Parliament recommends that EU and members states file a case before the International Court of Justice, if the new national security law for Hong Kong is applied.
In a resolution adopted on Friday by 565 votes to 34, with 62 abstentions, the European Parliament voted in favour of bringing China before the International Court of Justice over its decision to adopt a new national security law for semi-autonomous Hong-Kong.
In the text, MEPs “call on the EU and its Member States to consider, in the event the new security law is applied, filing a case before the International Court of Justice alleging that China’s decision to impose national security legislation on Hong Kong violates the Sino-British Joint Declaration and the International Covenant on Civil and Political Rights (ICCPR).”
They also strongly condemn the new law as an assault on the city’s autonomy, as well as China’s constant and increasing interference in Hong Kong’s internal affairs. MEPs call for the jailed pro-democracy activists and peaceful demonstrators to be released and for charges against them to be dropped. They want to see a UN Special Envoy appointed to deal specifically with the situation in Hong Kong.
The European Parliament is greatly concerned by the steady deterioration of civil and political rights, and press freedom in Hong Kong and calls for an independent and impartial investigation into the police’s use of force against pro-democracy protesters.
It finally strongly urges EU member states in the Council and the EU Foreign Policy Chief Josep Borrell to address the issue of the national security law for Hong Kong as a top priority at the upcoming EU-China Summit on Monday, 22 June, (via video conference) and at the planned EU-China Leaders meeting, as well as other human rights issues, such as the situation of the Uyghurs.
The resolution as adopted will be available in full here (19.06.2020).
Residents of Hong Kong have recently taken to the streets to protest against a new controversial national security law for the city, which was approved by mainland China’s legislature in May.
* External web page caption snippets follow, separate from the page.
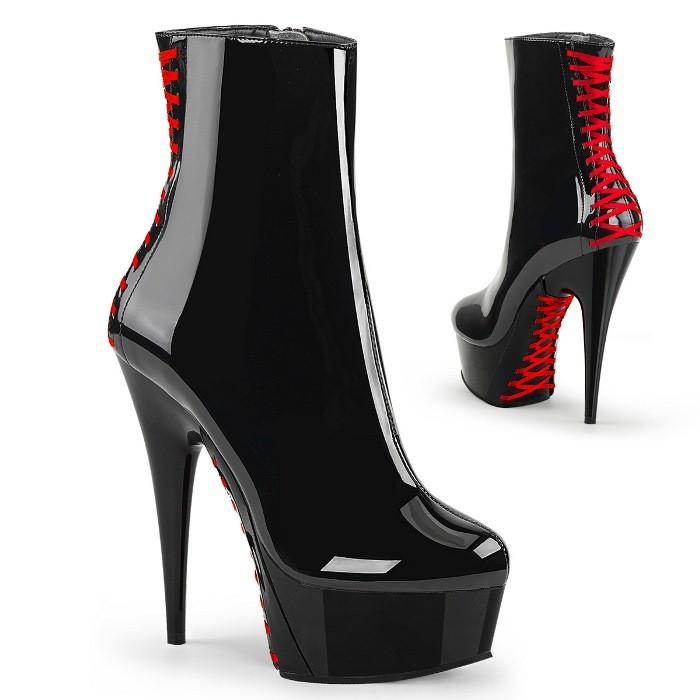 Pleaser（プリーザー） ショートブーツ ブーティ 厚底 15 cm ヒール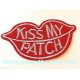 Patch ecusson thermocolant kiss my patch bouche levres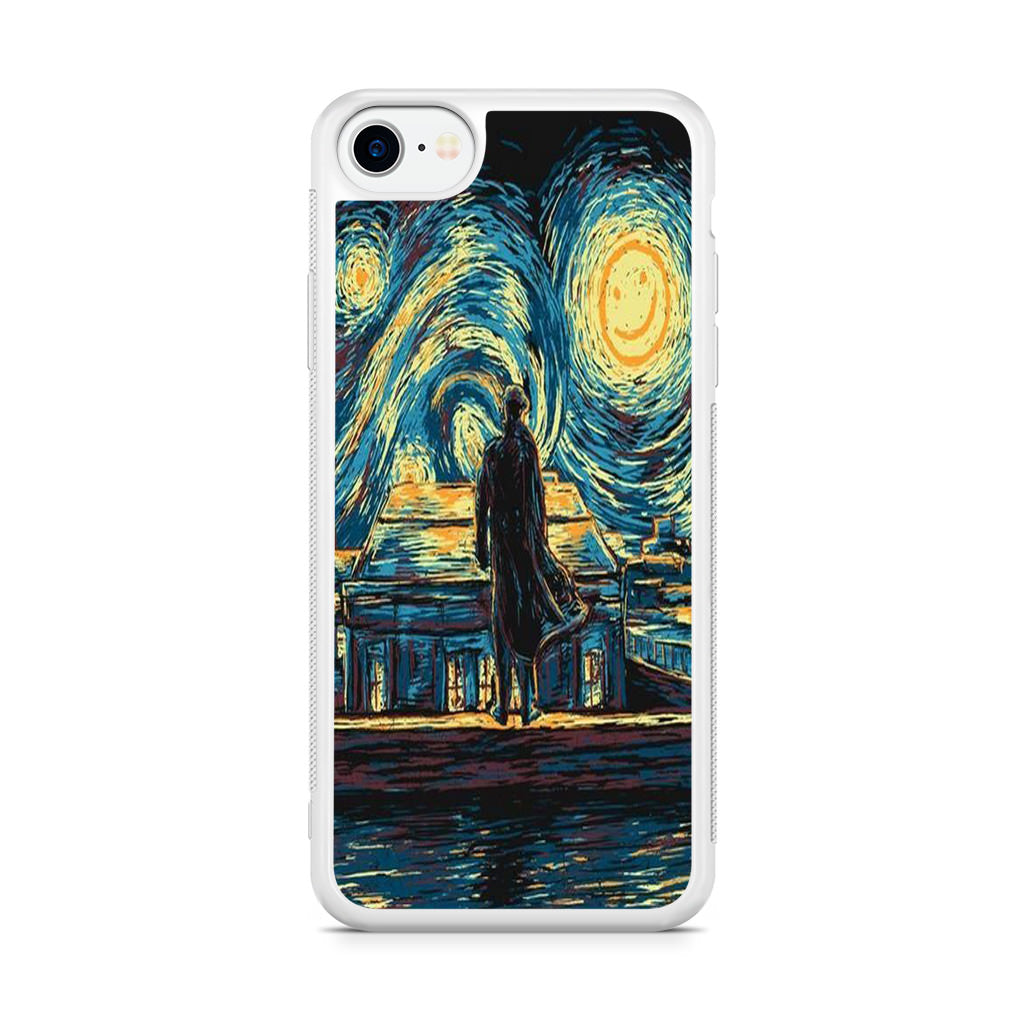 Sherlock Starry Night iPhone SE 3rd Gen 2022 Case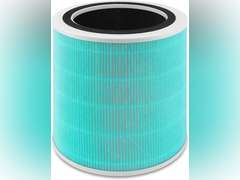 (Similar)Replacement Filter fit for LEVOIT Core 400S 400S-RF Core400S-RF-TX LRF-C401S-WUS LRF-C401-GUS 3-in-1 Activated Carbon Air Purifie-r Filter 1 Pack Green LUXRILIX 27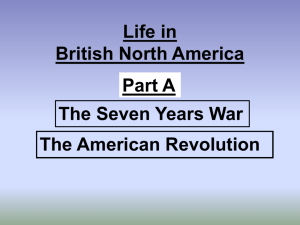 Life in British North America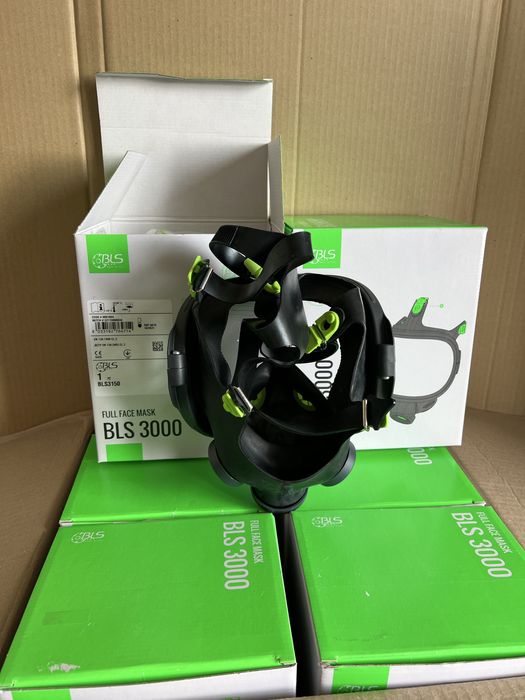 Маска Протигаз BLS 3150 Панорамна Повнолицева Респіратор Фільтр Захист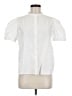 FRAME 100% Cotton White Short Sleeve Blouse Size M - photo 1
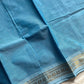 Minimal Border Edit - Sky Blue Kanchi Cotton Saree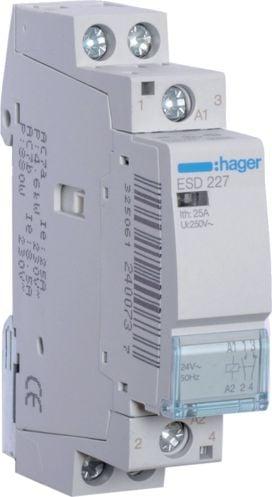 Actual product image Hager Contactor 24VAC 25A 1NC+1S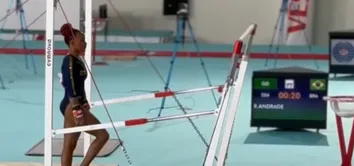 REBECA ANDRADE GARANTE VAGA NAS FINAIS EM ANTALYA, NA TURQUIA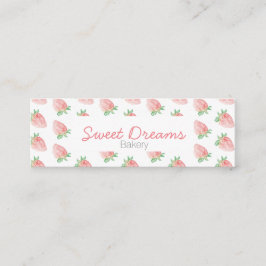 Cartão De Visita Mini Strawberry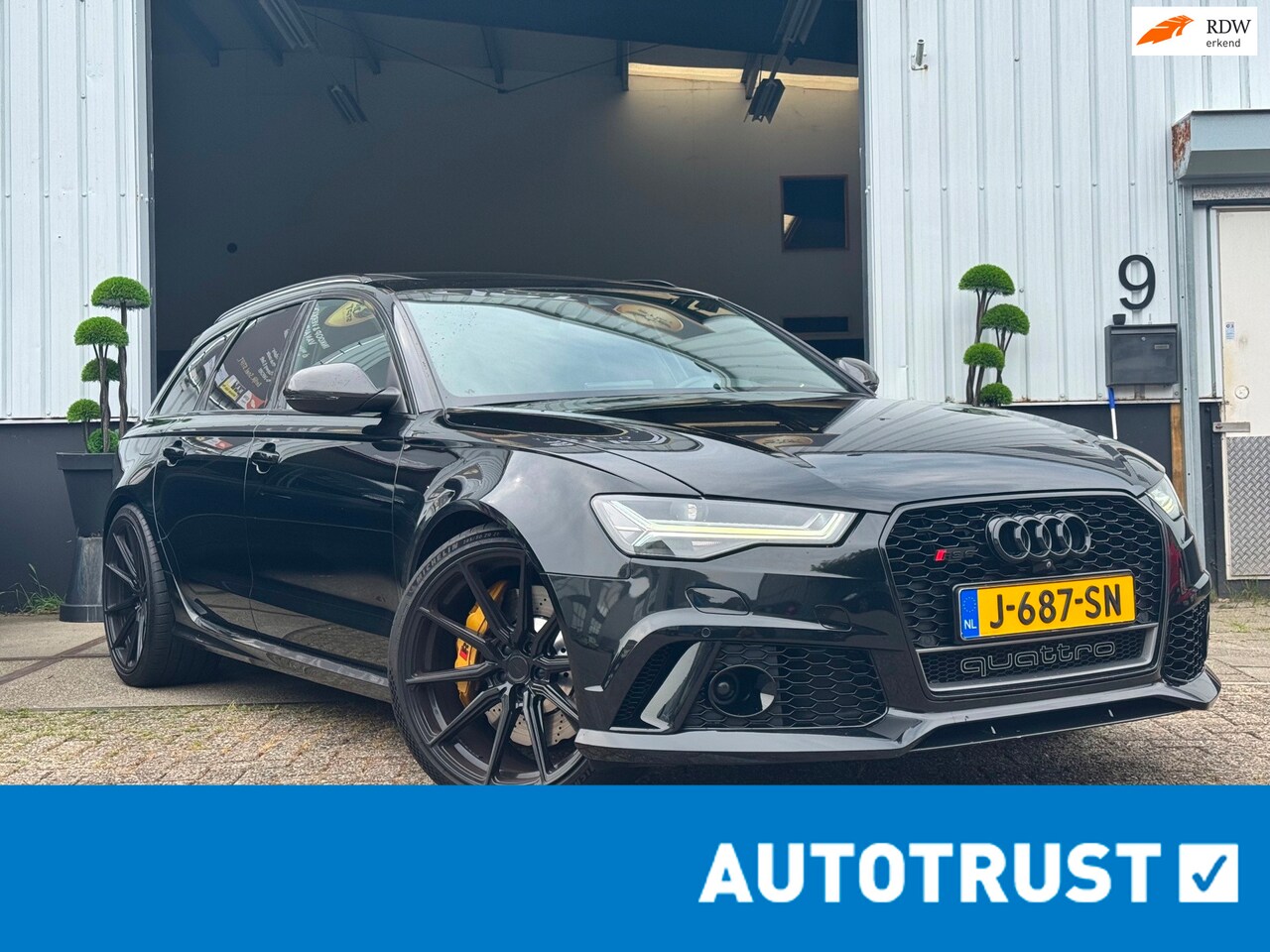 Audi A6 Avant - 4.0 | TFSI | RS 6 | Quattro | Panoramadak | Milltek | Vossen | Garantie | - AutoWereld.nl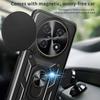 For Huawei Nova 12i 4G Case with Slide Camera Lid PC+TPU Kickstand Phone Cover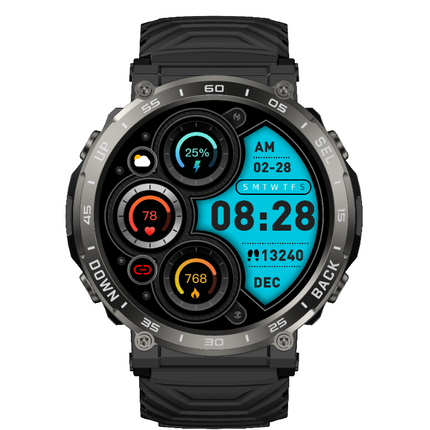 Waterproof Sport Smartwatch with Bluetooth Call Music Fitness Tracking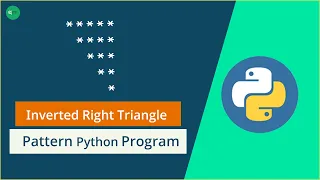 Inverted Right Triangle Star Pattern Python Program Bangla Tech Series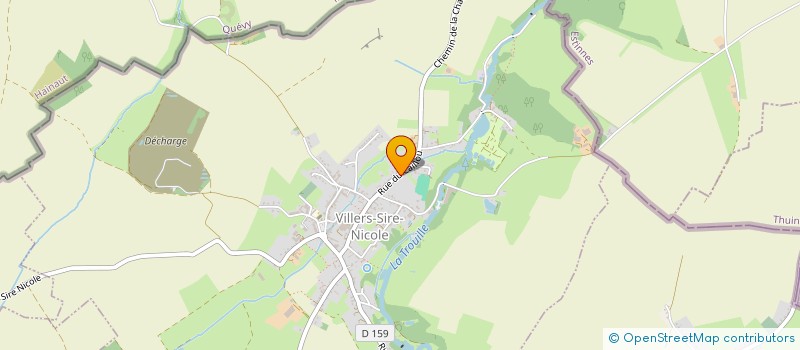 localisation de l'entreprise MONSIEUR BRUNO BLANQUET  VILLERS-SIRE-NICOLE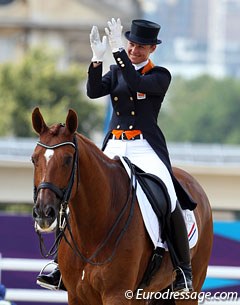 Adelinde Cornelissen says thanks to the fans and spectators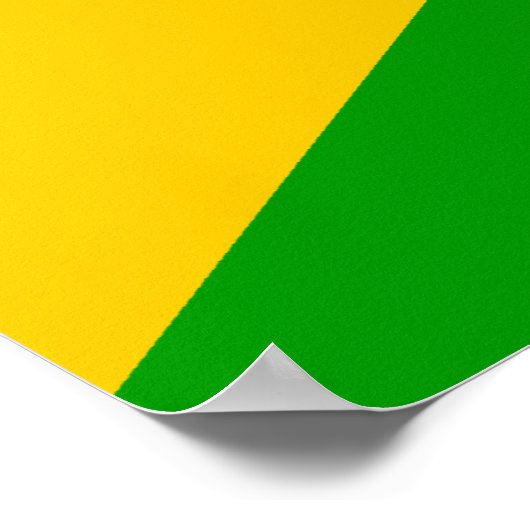 Jamaica-Flagge Poster (Ecke)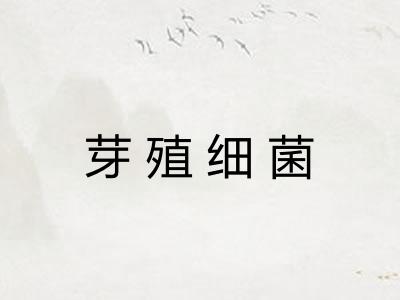 芽殖细菌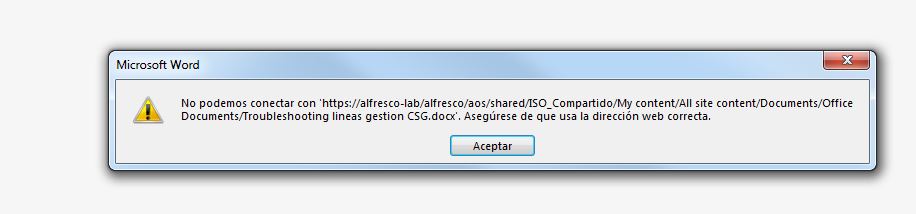 Error al abrir con Word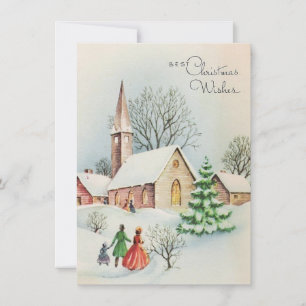Weihnachtskirche Winterlandschaft Feiertagskarte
Many observers fear the Chinese Communist Party’s new measures will effectively suffocate all the remaining freedoms and autonomy enjoyed by the special administrative region under the so-called “one country, two systems” principle.
The former British colony has been rocked by demonstrations, followed by a massive wave of street protests and violent clashes since last year, ever since the Hong Kong Executive put forward a new law in the spring of 2019 that would have allowed criminal suspects to be extradited to mainland China, plunging the city into its worst political crisis in modern history.